I looked from Mother to Father, both of them chewing and swallowing, their eyes lowered, saying nothing.

“Ivy said she and the other nurses and staff were laughing so hard they could scarcely pull themselves together for the cameras. And the Dionnes, apparently, looked like they couldn’t decide whether to laugh or cry.”

Father’s throat was reddening above the collar—never a good sign. He set down his knife and fork. “Ivy said this, Ivy said that.” He had adopted a high, sugary voice that is nothing like mine. “Emma, can you even begin to imagine what it must be like to have to visit your own children for Christmas? To have two Christmases: one for the cameras and one for yourselves?”

I should have bit my tongue, I suppose. But he’s never even met the Dionnes. In fact, neither Mother nor Father knows anything about the efforts Dr. Dafoe has expended to keep the girls healthy and how cautious he must be, every single day. They never bothered to visit the Dionne farmhouse last summer, and they’ve never been out to the new hospital to see the work we’re doing. If they did, they’d understand right away that we’re doing the right thing by the babies. The parents simply can’t give the girls the care, or the love, they need.

“It’s not like that, Father. The Dionnes are . . .” I was at a loss for the right word. “They’re quite hard people. They’re not gentle folk. You can see it in the faces of the other Dionne children—they startle like rabbits when their father or mother so much as looks at them.”

Now Father’s whole face was a mottled red, quite like my own really, and his beard was bristling. “Emma Trimpany, you have no right to an opinion on parenting until you have children of your own, do you hear me? That nursing school of yours has given you airs of superiority, and I won’t sit here and listen to them.”

Now it was my turn to get my hackles up, because I will surely be the last person on earth to develop “airs.” Father and Mother know as well as I do the chances of me, with my disfigurement, marrying and settling down—having a family—are vanishingly small. I opened my mouth to say just that, but closed it again when I saw Mother dabbing at her eyes with her napkin.

“Both of you: stop it,” she said, her voice strung thin. “You are ruining Christmas. I don’t want to hear another word about the Dafoe Hospital and Nursery, or the Dionnes. Not another word.”





1935


March 20, 1935

Miss Emma Trimpany

Nurses Dormitory

St. Joseph’s Hospital

North Bay, ON

Dear Em,

I don’t know whether to tell you to come and don your battle garb or to stay as far away from the Dafoe Nursery as possible. You are still coming down this Friday, aren’t you? I’m not entirely joking when I say that you should try and lay your hands on some arsenal. Does your father, perhaps, have a rifle?
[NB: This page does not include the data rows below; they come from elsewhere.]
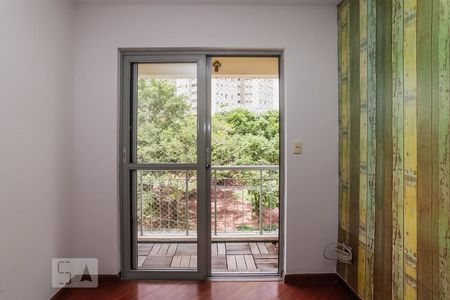 Sala de apartamento à venda com 3 quartos, 65m² em Jardim Londrina, São Paulo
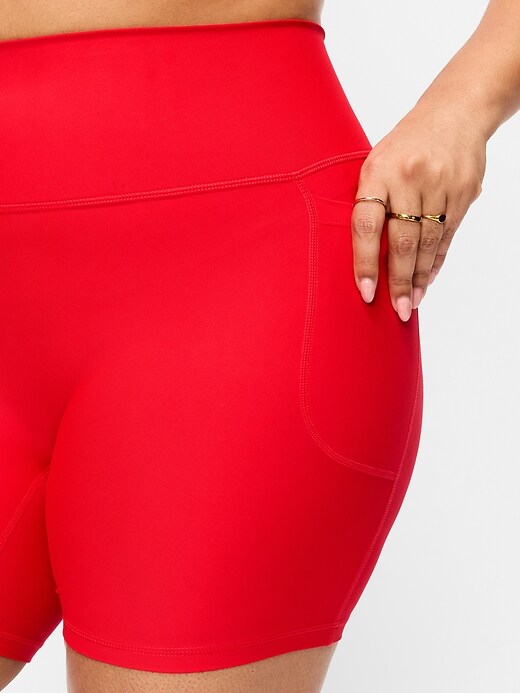 Image number 2 showing, Extra-High Waisted PowerSoft Boundless Pocket Biker Shorts-- 6-inch inseam - No Front Seam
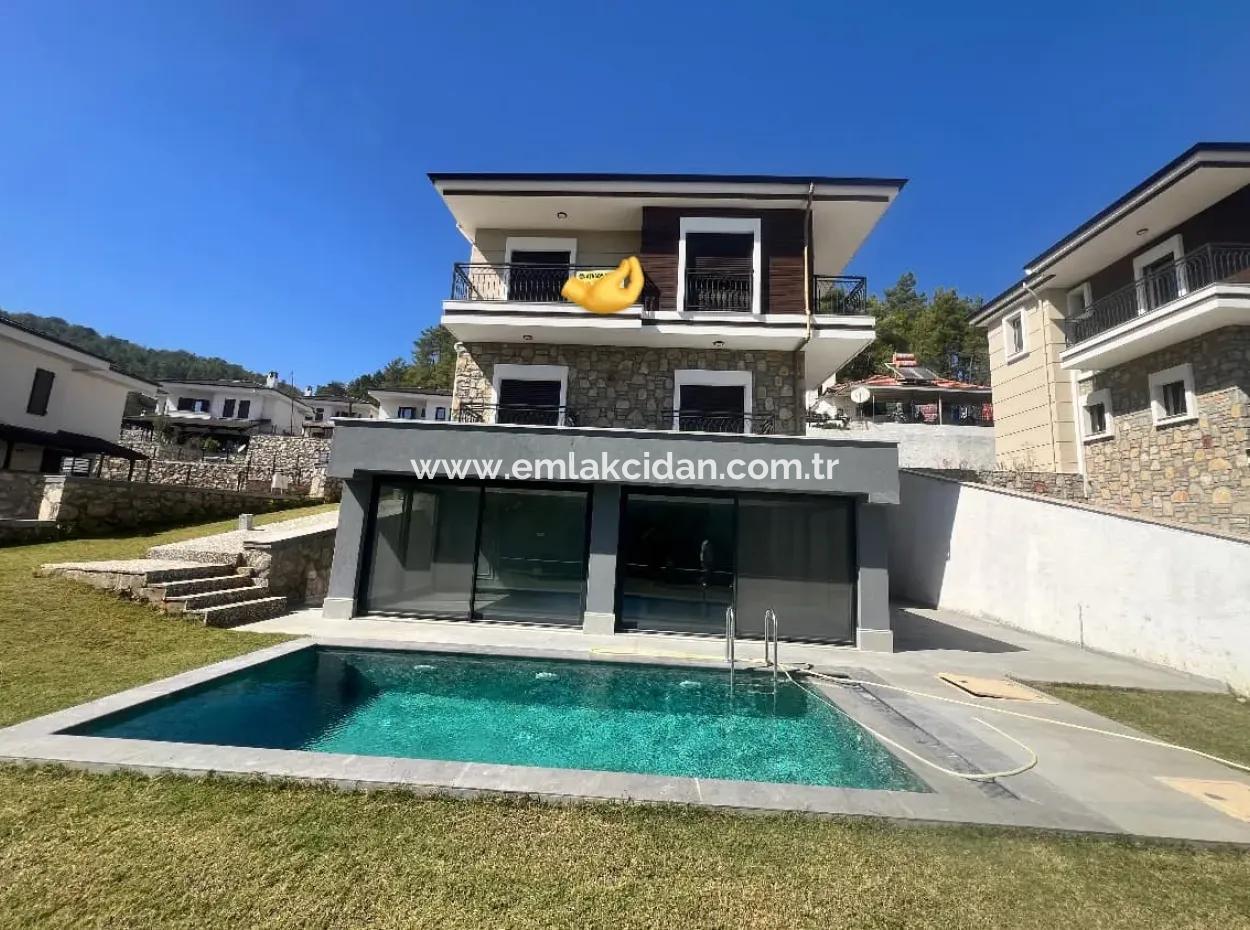 Magnificent Nature View Detached Garden With Parking Pool With Swimming Pool 3 Rooms 4 Bathrooms Ultra Luxury Villa For Sale 3 Floors In A 500M2 Plot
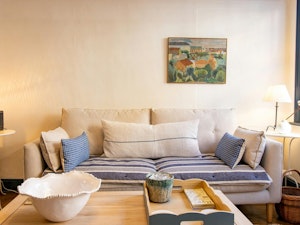 Coastal Cottage Escape image 2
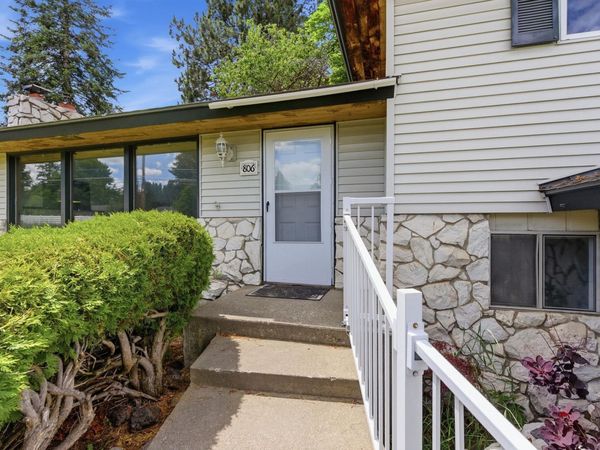 806 S Adams Rd, Spokane Valley, WA 99037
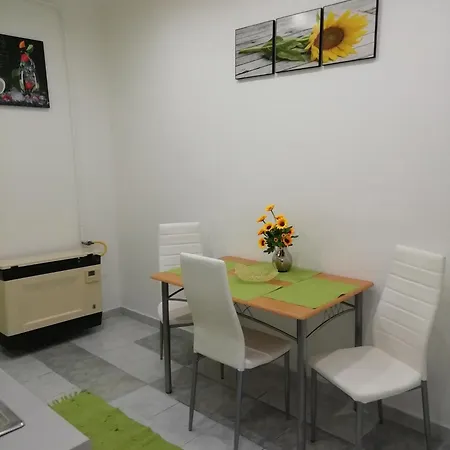 アパート Venus Apartman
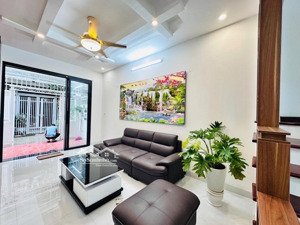bán gấp nhà riêng tại quan hoa, 14 tỷ, 47m2, 4 tầng, view đẹp, cầu giấy, hà nội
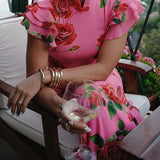 LENIA – Modernes Kleid mit Stehkragen und Glockenärmeln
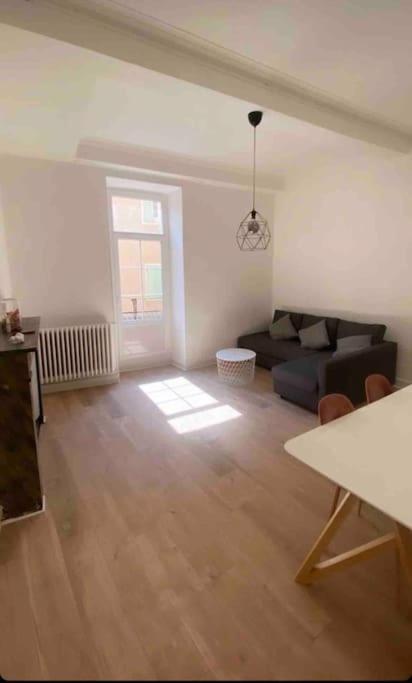 Appartement De Charme Au Coeur Du Centre Ville . Millau Esterno foto
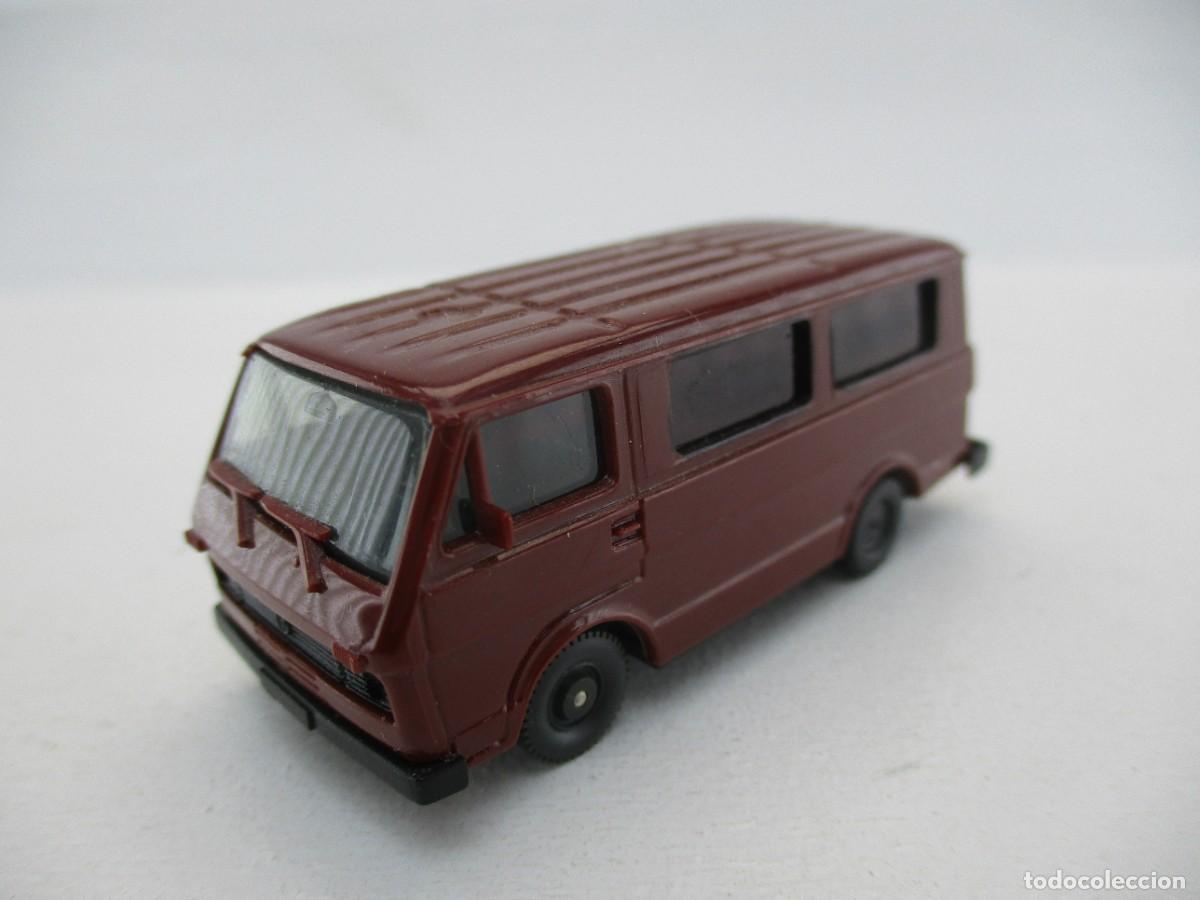 Coches a escala: COCHE ESCALA 1:87 REF B14 - Foto 1
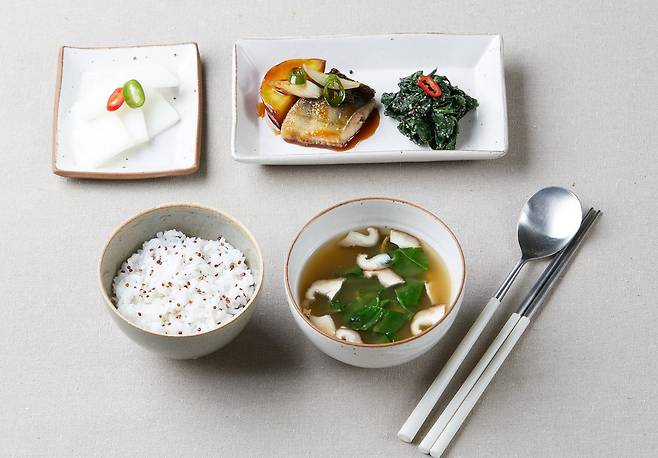 한국형 지중해식단 ‘임연수 고구마 조림’/ 비타북스 책 ‘맛있는 지중해식 레시피’
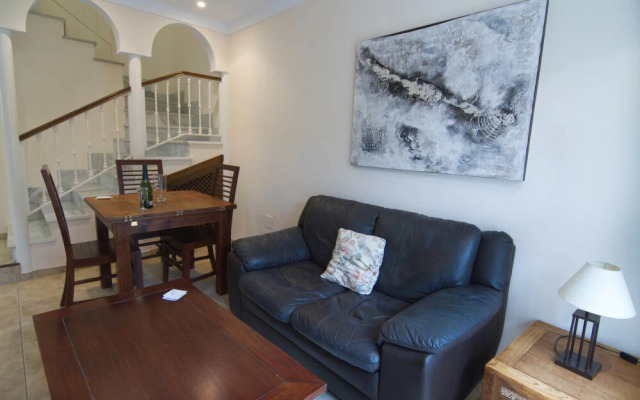 Casa UrbanizaciÃ³n Los Pinos 19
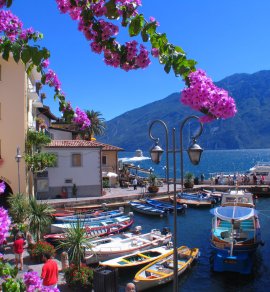 Limone Hafen mit Blumen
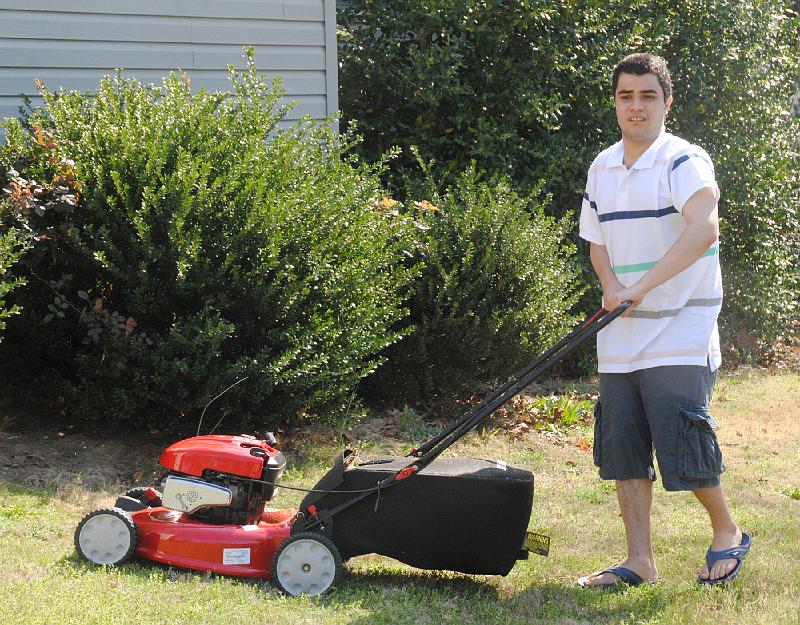 TommyCutGrass15.jpg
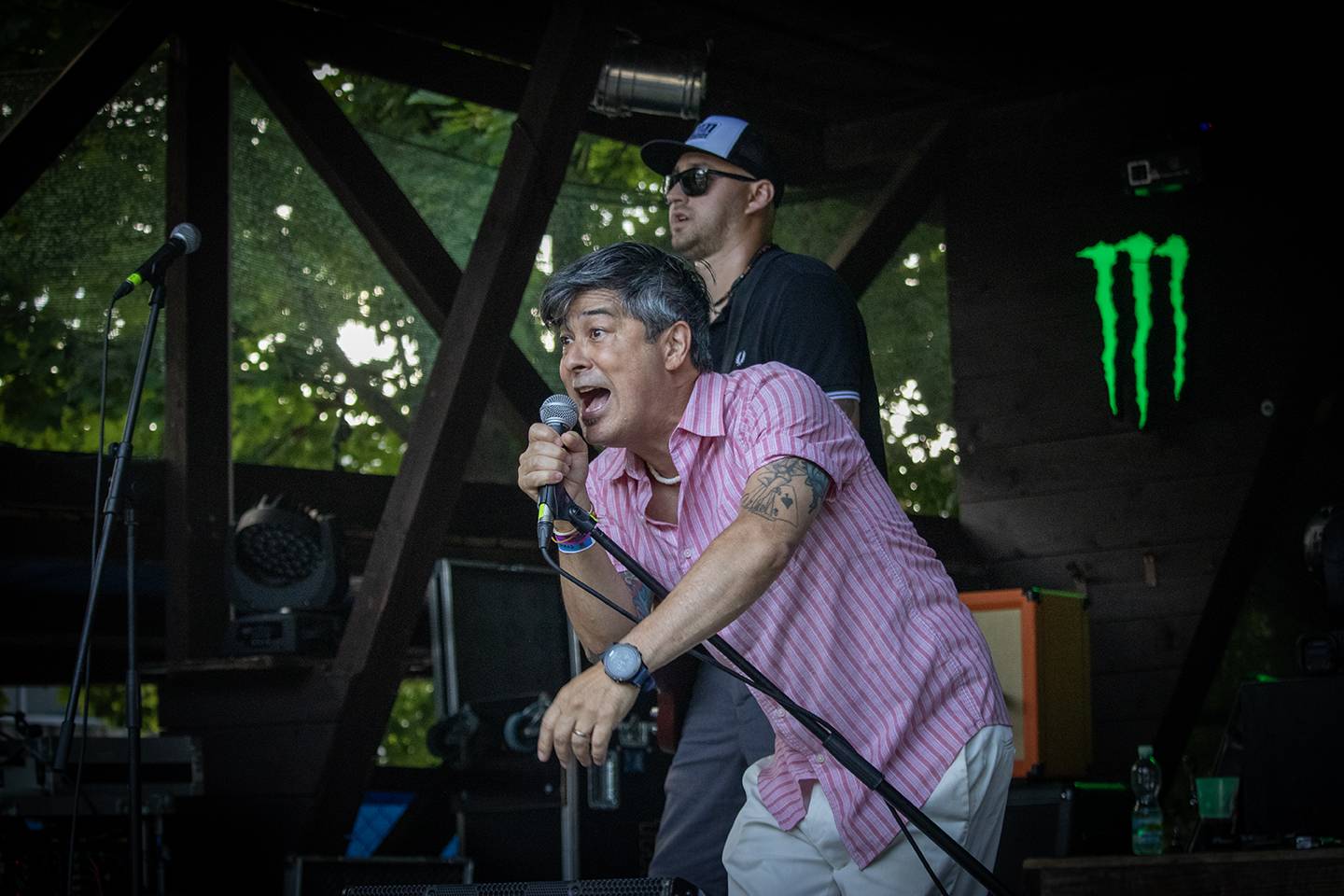 Šílený start Summer Punk Party ve Volyni. Do crowdsurfingu se zapojil člen ochranky Madball, Totální nasazení blahopřálo fanynce k narozeninám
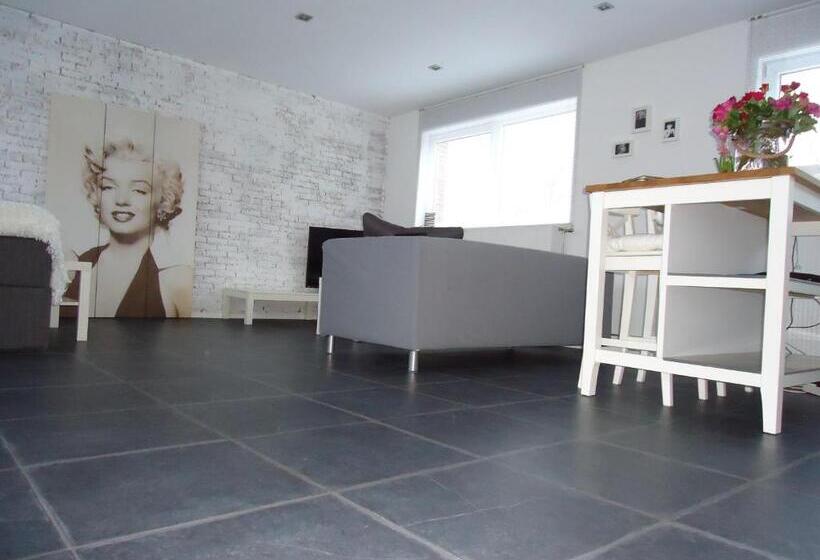 اتاق لوکس با چشم‌انداز باغ, B&b Sloterpark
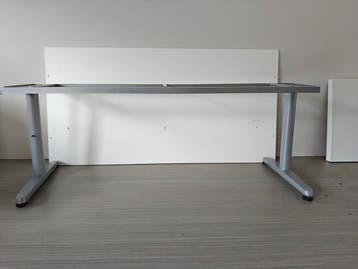 Verstelbaar bureau Ikea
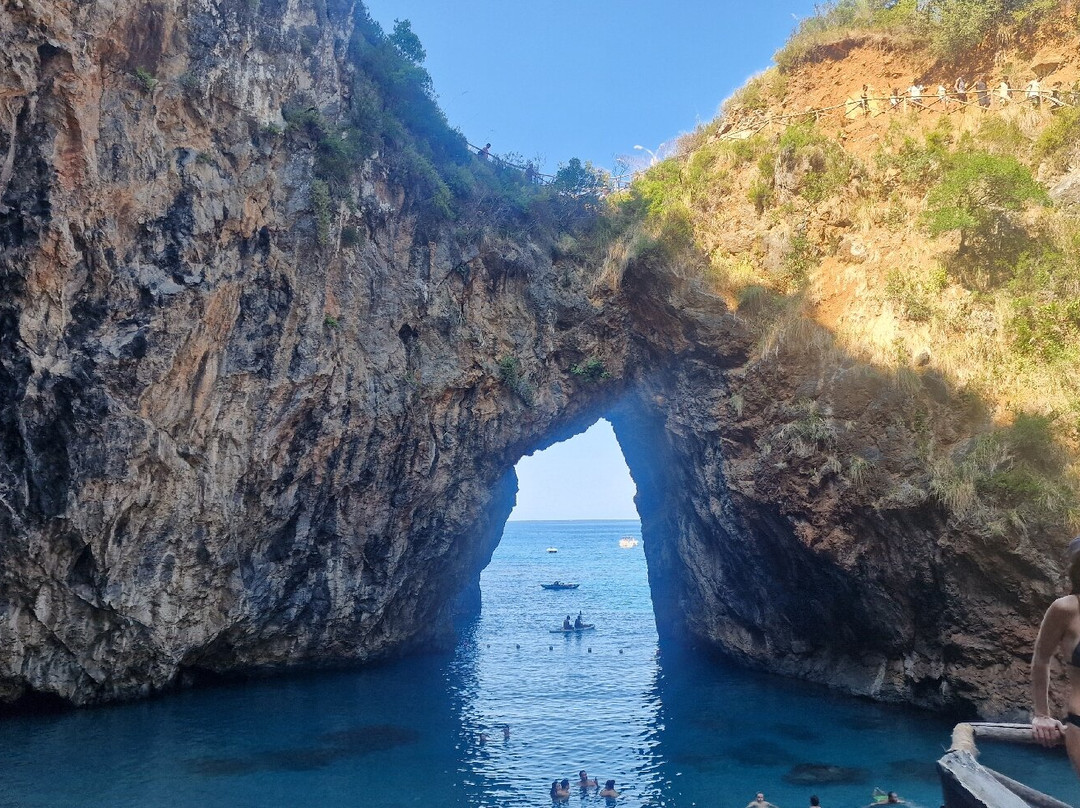 Isola di Dino-Praia A Mare必去景点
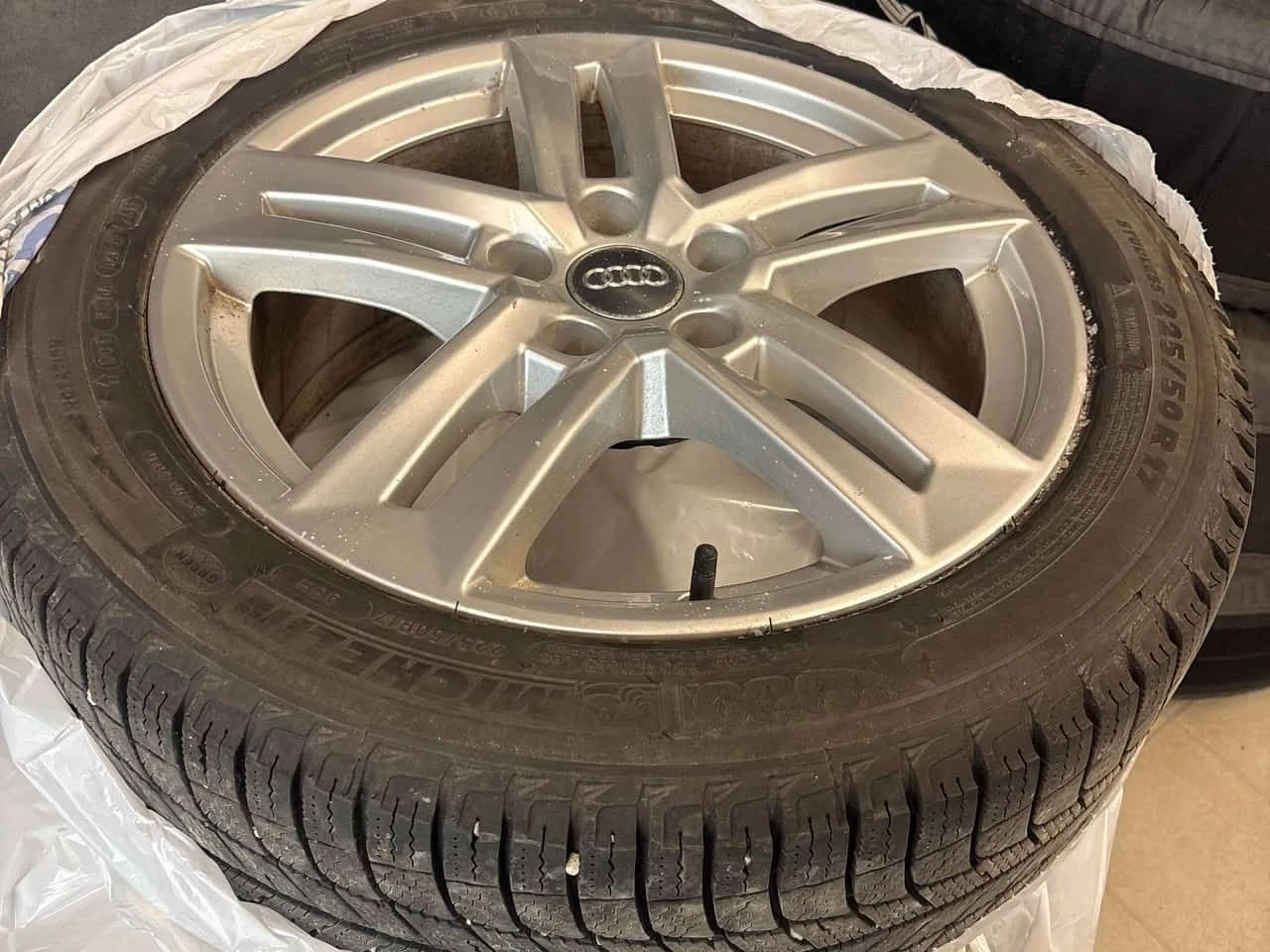 Audi A4 * Technik * CARFAX * БЕЗ ПЪРВОНАЧАЛНА ВНОСКА, снимка 13 - Автомобили и джипове - 55025740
Let me reassure you, the girls are fine. Annette is so chubby these days you can plunk her down on a blanket and she just sits there gurgling and blinking at you like the presiding cherub. You couldn’t tip her sideways if you tried. Even the little ones, émilie and Marie, are filling out beautifully. Those two are as thick as thieves, always clutching and burbling at one another. Cécile, Yvonne, and Annette all have their upper front teeth coming in and are starting to look like bunny rabbits, and all five of them have hair that is darker and thicker than ever. Their eyelashes are long and lovely, and they will flutter them at you coquettishly if you attempt to deny them a thing.

So why the rifle? It started two days ago. Nurse Garnier and I had managed to get all of the girls bathed, weighed, measured, dressed, and fed their breakfast and cod-liver oil and were waiting for Dr. Dafoe’s daily visit. All at once we heard a door slam followed by loud voices, and an instant later, Mme. Dionne burst into the playroom. As you know, the Captain has extraordinarily strict rules about visitors, and the Dionnes are only permitted to visit between 11:00 A.M. and noon, or 3:00 P.M. and 4:00.